Playing video games for a living is hard work. You need skill, endurance, and, according to sneaker maker K-Swiss, the right footwear.
The clothing you wear when you’re sitting down for hours at a time is important, as any frequent flier knows. Dress too nicely and your clothing becomes a prison, but looking like a total slob isn’t ideal, either. The same is true for the marathon gaming sessions that professional streamers and esports athletes regularly engage in. Enter the MIBR One-Tap, a new sneaker from K-Swiss that’s being marketed towards pro-gamers.
The esports athletes at the Immortal Gaming Club (IGC) helped K-Swiss design the shoe.

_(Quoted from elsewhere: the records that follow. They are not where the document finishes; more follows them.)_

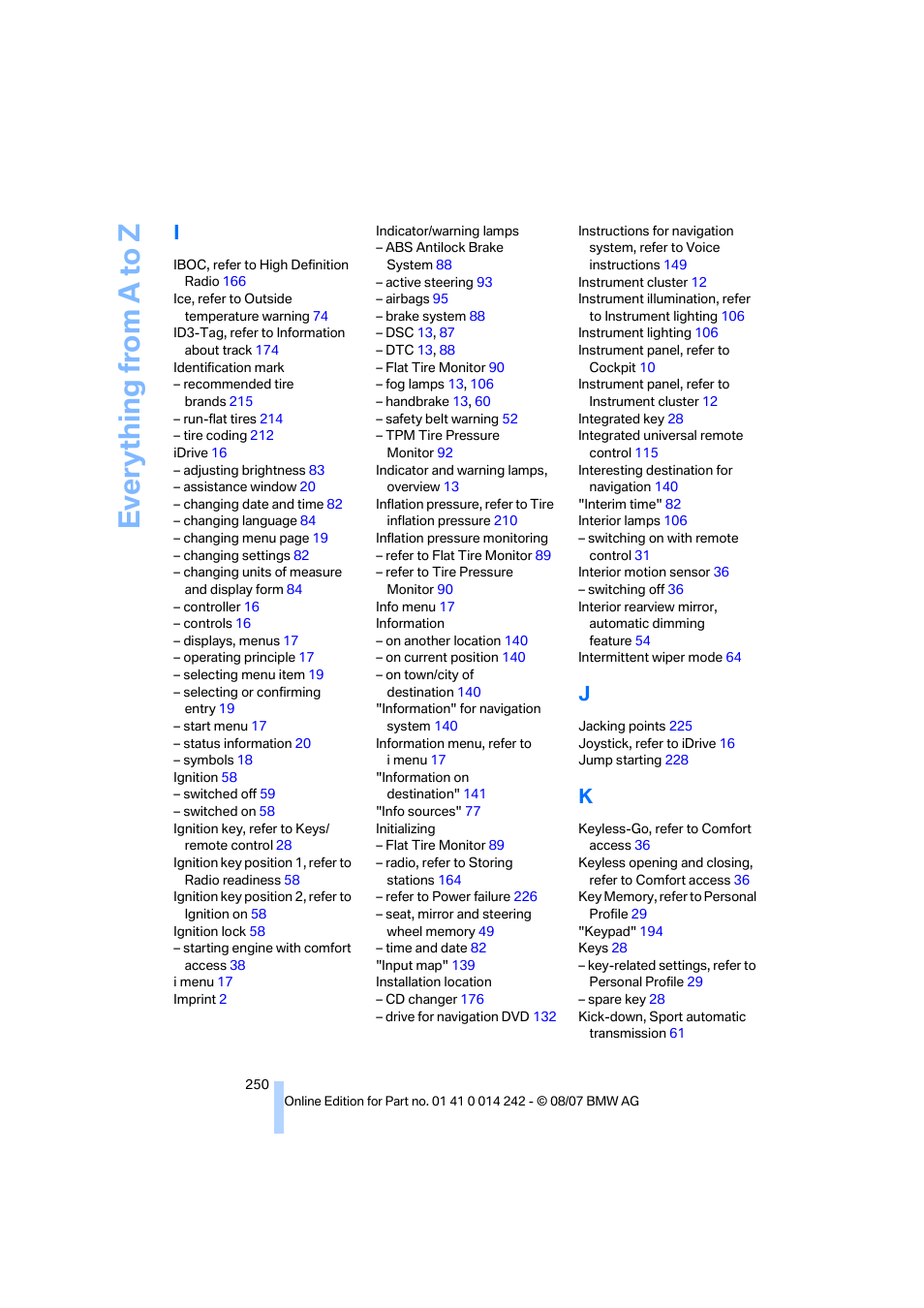 Everything from a to z | BMW 650i Convertible 2008 User Manual | Page 252 / 264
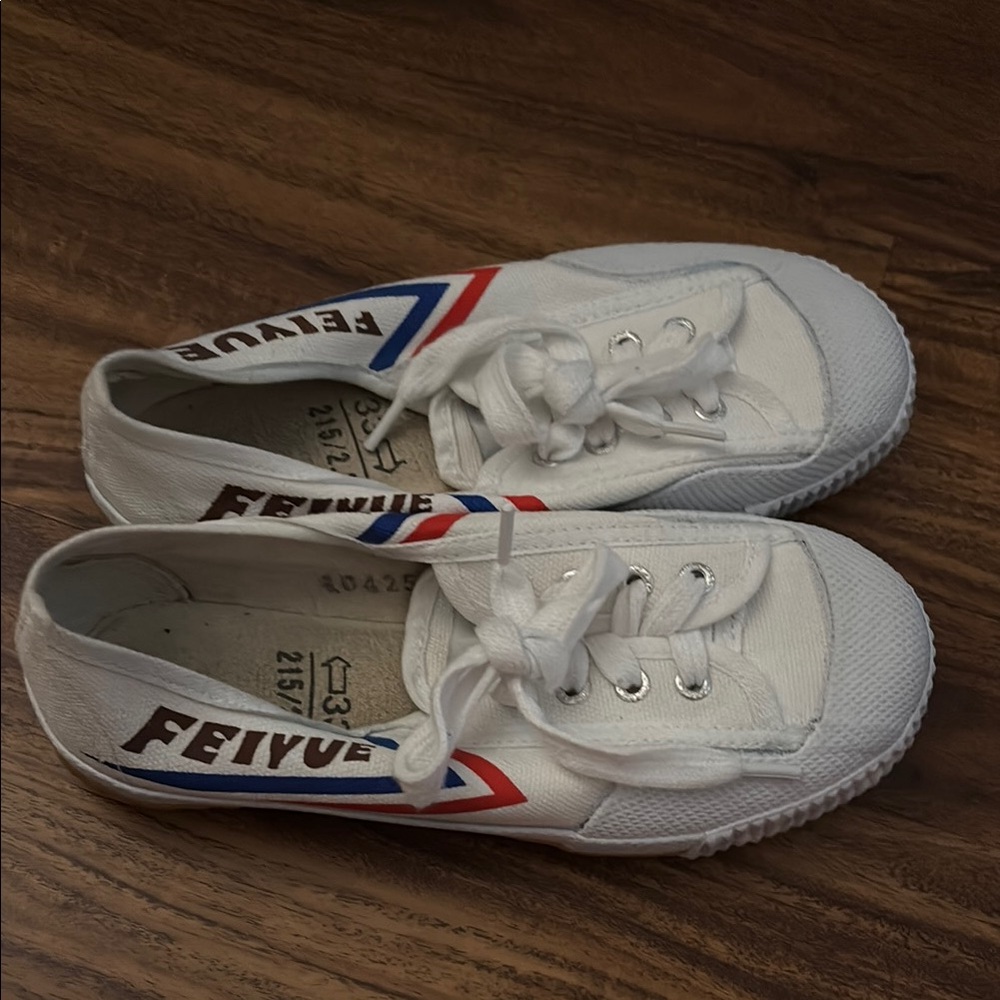 Feiyue Kids Martial Arts Sneakers in White with Red and Blue Accents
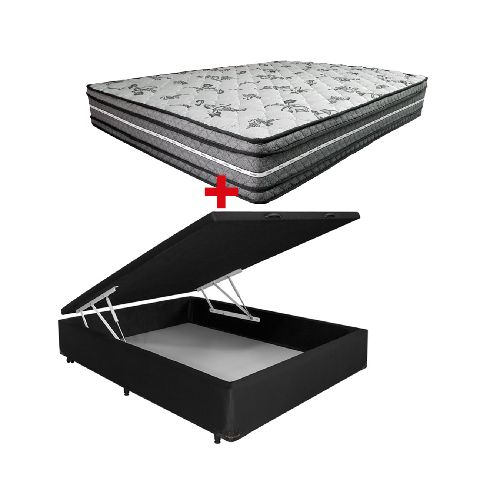 Cama Baúl 2 Plazas Pu + Colchón Espuma D33/D65 Opala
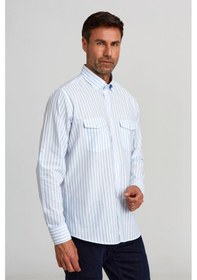 Resim Bisse Erkek Regular Fit Uzun Kollu Spor Gömlek Mavi Gm23y231124 C35 Mavi 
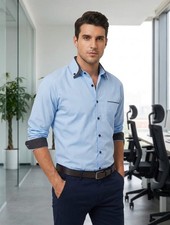 Men's Business Shirt Casual Slim Shirts Long Sleeve Button Down Tops Blouse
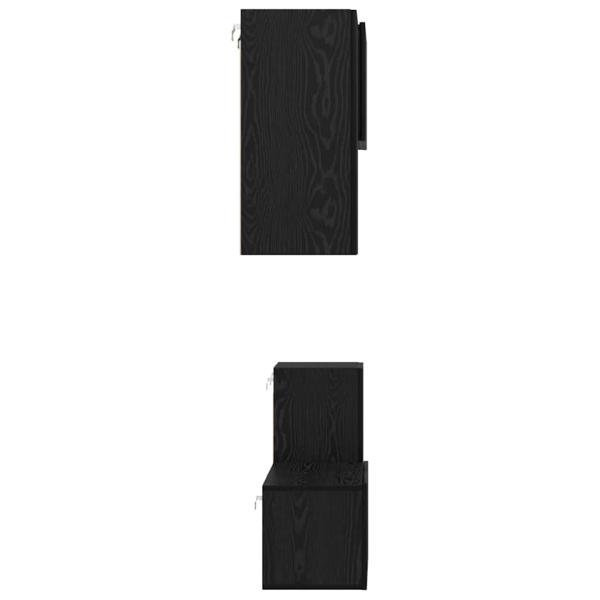 TV-Cabinet-Set mit Regal mit Speicher mit Tür 4 pcs Schwarz Eiche 60 x 30 x 30 cm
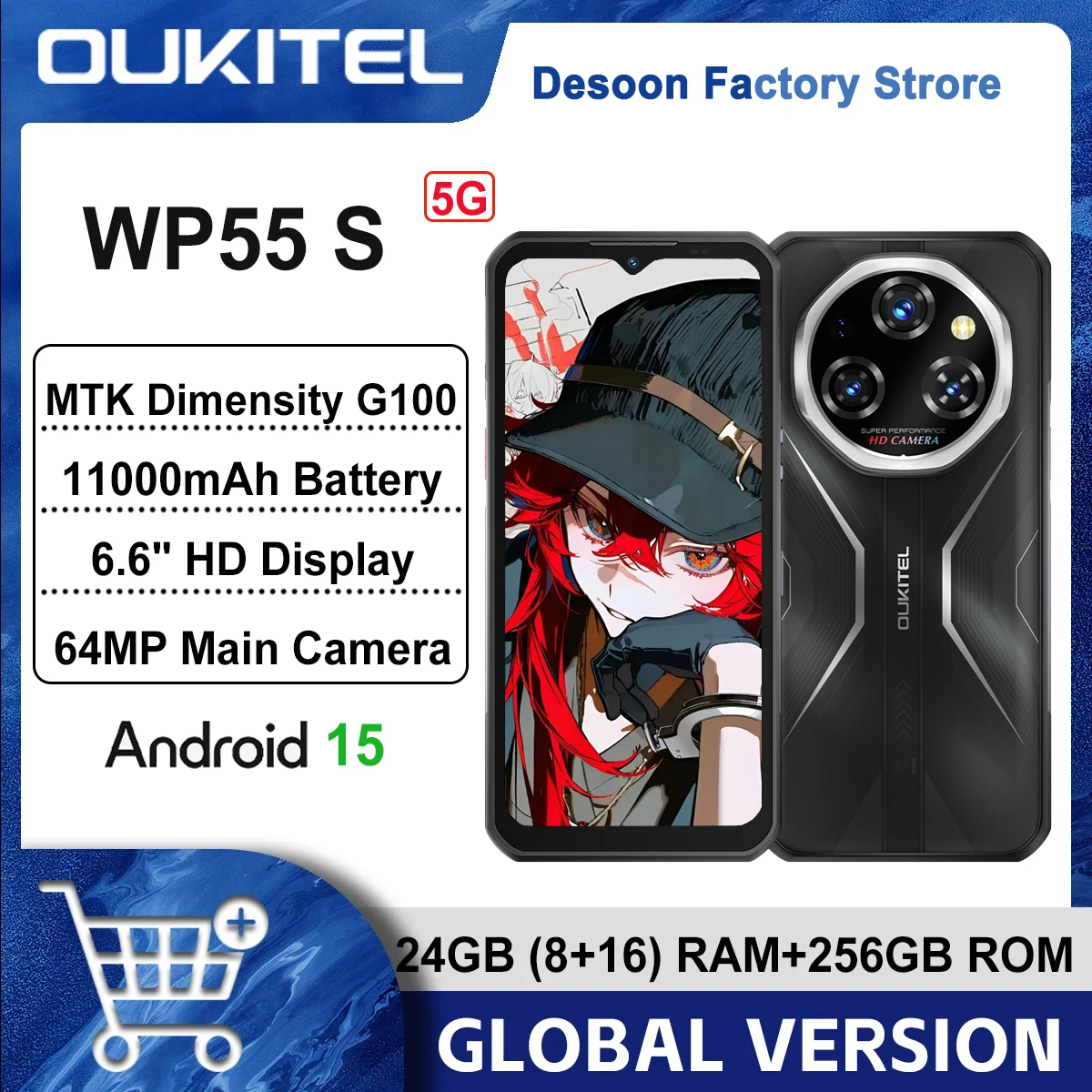 Oukitel WP55S 15.3mm Rugged Smartphone 24(8+16)GB+256GB 33W Fast Charge Android15 Mobile Phone 11000mAh 6.6" FHD+ 64MP Camera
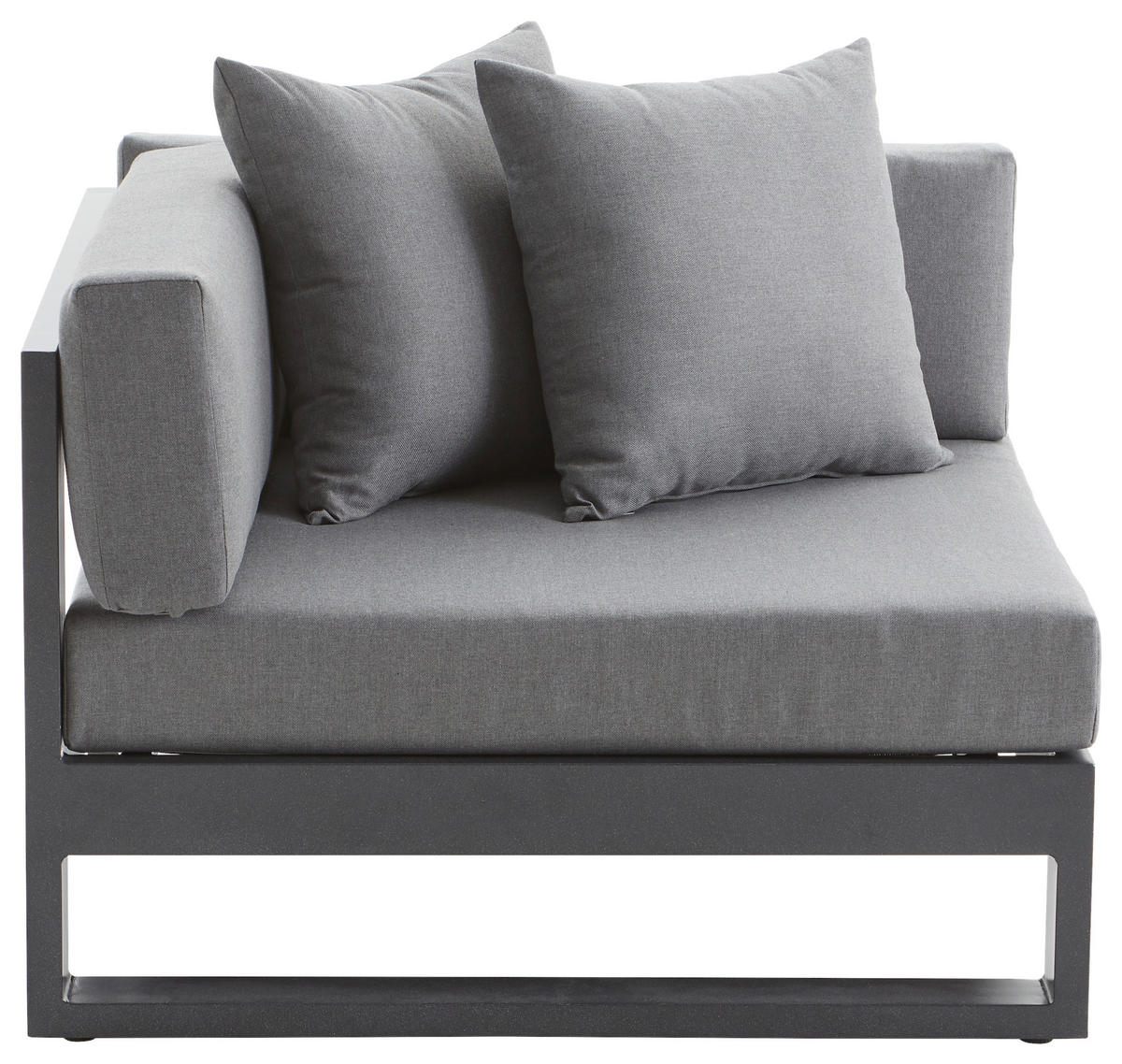 LOUNGEECKTEIL  - Anthrazit, Design, Textil/Metall (90/60/90cm) - Amatio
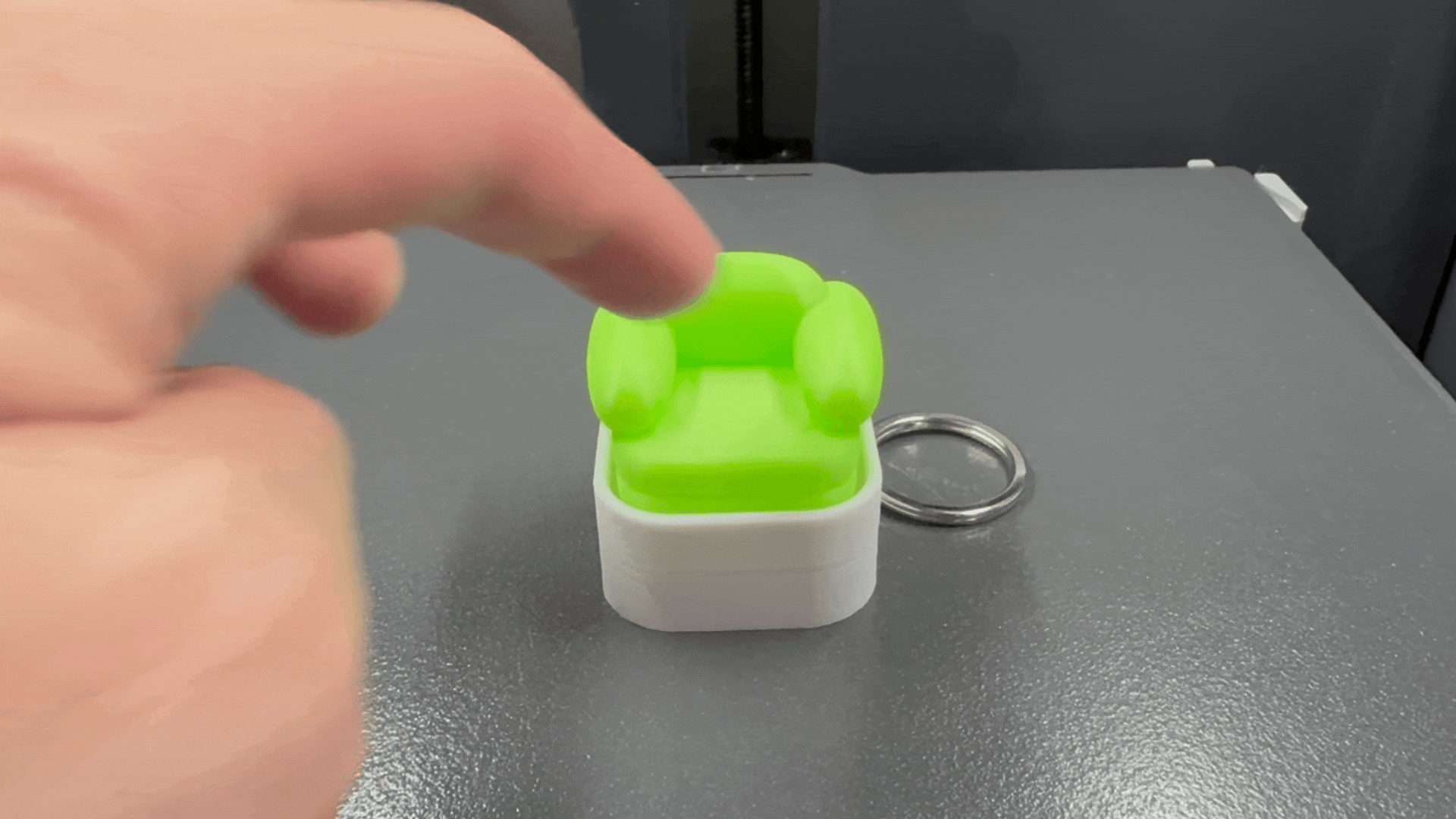 Cozy Armchair Clicker Fidget Keychain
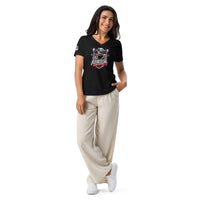 Freedom Ride™ Women’s V-Neck | America 250th Anniversary Patriotic Pinup T-Shirt | Bad Habit Collective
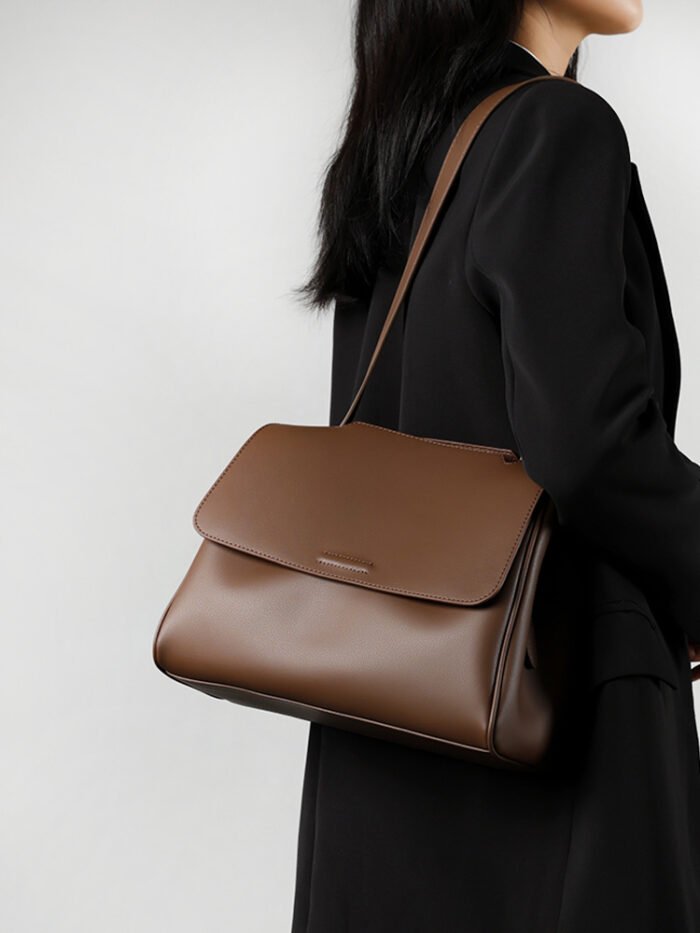 Genuine Leather Bag for Women High-End Niche Tote Bag Large Capacity Crossbody Bag Women's Commuter Handbag - Image 1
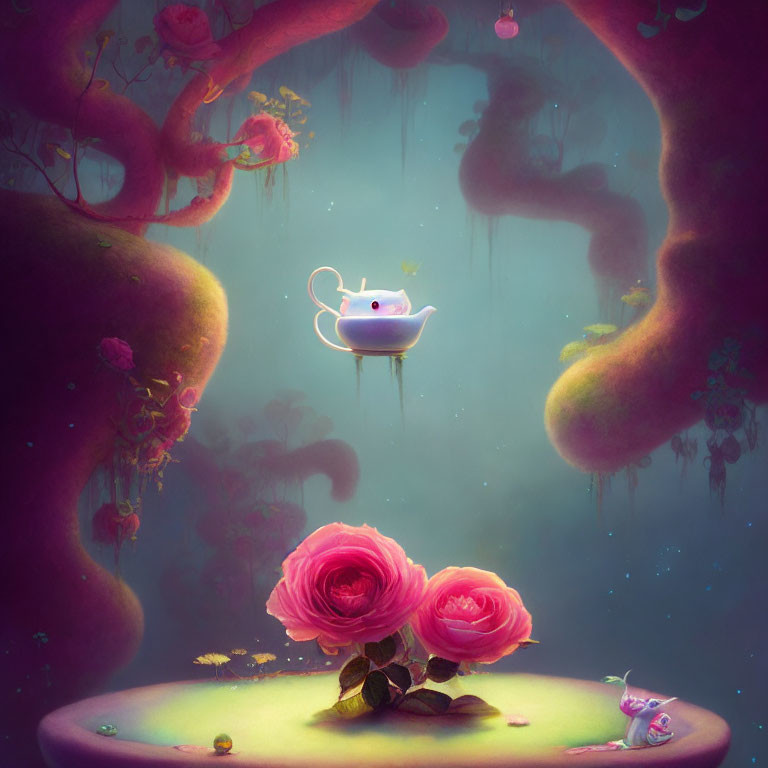 Whimsical floating teapot and pink roses in misty setting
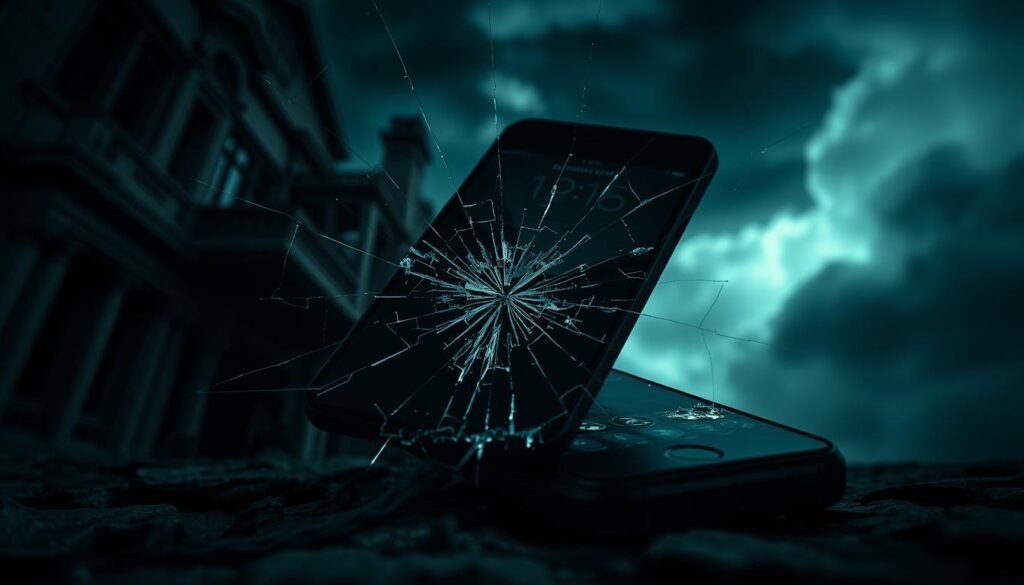 A dark and foreboding dream landscape, with a shattered phone screen dominating the foreground. Cracks radiate outward from the impact point, casting an ominous web-like pattern across the device. The background features a sense of unease, with distorted architectural elements and a muted color palette suggesting a sense of anxiety and unease. Dramatic lighting casts deep shadows, adding to the overall sense of tension and impending doom. The angle is slightly low, creating a sense of the phone looming large in the viewer's perception, emphasizing its symbolic significance. Overall, the image conveys a powerful metaphor for the anxieties and uncertainties that can arise in our waking lives.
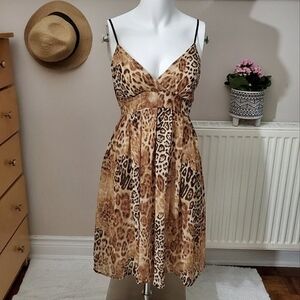 Majora Leopard Print Pleated Tie Waist Dress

Made in Brazil, or MIBR), is one of IGC’s teams and the shoe’s namesake. Just looking at the shoe gives you an idea of its gaming bonafides.
True to the iconically over-the-top gamer aesthetic that plagues PC parts, the One-Tap is black with silver accents and the MIBR logo is emblazoned in white across the top of the shoe. They’re constructed from a light-weight mesh that allowed my sweaty gamer feet to breath. The sole of the sneaker is full of holes and a large vent sits over the arch, a feature K-Swiss calls the “flow cool system 2.0.”
I had to try a pair. When I finally put them on, I was shocked when the cooling system worked. Never once, at the height of a Southern summer, did my feet get hot. I felt liquid-cooled and ready for some extreme gaming.
The first thing to note is that the K-Swiss MIBR One-Taps aren’t really sneakers, they’re slippers dressed up to look respectable. The MIBR crest on the heel folds down, allowing the hybrid shoe to be both a business-casual sneaker, and a slipper. Like the mighty mullet, the One-Tap is all business in the front and party in the back.
This is important, because I was skeptical of the One-Tap at first. When K-Swiss told me it was crafting a shoe for pro-gamers, I pondered the logic behind making a shoe for an activity people do sitting and often barefoot, at least at home. Even in esports, dress codes vary depending on who’s running the tournament and most regulations don’t mention shoes. At the pro-level, esports athletes are accomplishing amazing things with their feet on a keyboard.
As a guy who does a lot of gaming for work, my feet are usually poking out the end of Doctor Who pajama pants as they dangle off of the edge of my massive gaming throne. Sure, I put on slippers to walk around the house, but I wasn’t sure that my life, or my gaming, could be improved by a pair of sneakers.
I’ve been wearing the One-Taps around the house and during intense gaming sessions for a week now, and I’m happy to report that I was wrong. The One-Tap is the perfect shoe for wandering around the house in a daze, making coffee, and killing Nazis in Wolfenstein: Youngblood.
As I already mentioned, the secret to my love of the shoes is that they aren’t sneakers, not really. They lace up on top, but that’s a lie; a superficial detail that makes the MIBR One-Taps look more respectable than they really are. Make no mistake: the One-Tap is a slipper designed to look like a sneaker.
There’s no tongue, just a vast hole to slip your feet into; ameshed cavern that’ll let your dogs breath as you do the intense work of gaming. The laces are purely decorative, and once I flipped down the MIBR crest to turn the shoe into a slipper, I never wanted to flip it back.
These shoes let me be lazy in style. They announce to the world that I’m the kind of person who can afford fancy sneakers—these run $125—but provide the comfort of a house shoe. And these are house shoes; besides gaming, they’re suitable for leisure and social flexing during a house party or at a gaming event. I would never run or work out in One-Taps, because they feel as if they’d come apart under any kind of stress.
Against all odds, they look cool, too. They have the faux-futuristic look of an Alienware PC case, but somehow manage to come off as possessing the fugly-cool vibe of all the chunky high-fashion shoes currently on influencers’ feet.
Before the One-Tap, when I needed to leave the house, I’d take off my house slippers and slide on a pair of restrictive and uncomfortable Converse All-Stars. No more! The One-Tap has freed me from the prison of normal-ass shoes. Now, I just flip the MIBR crest up, converting the slipper back to a sneaker.
In an instant, I look like a man who wears pants all day long instead of just when he leaves the house. This is a lie, just like the MIBR One-Taps’ respectable veneer, which makes them the shoe that gamers deserve.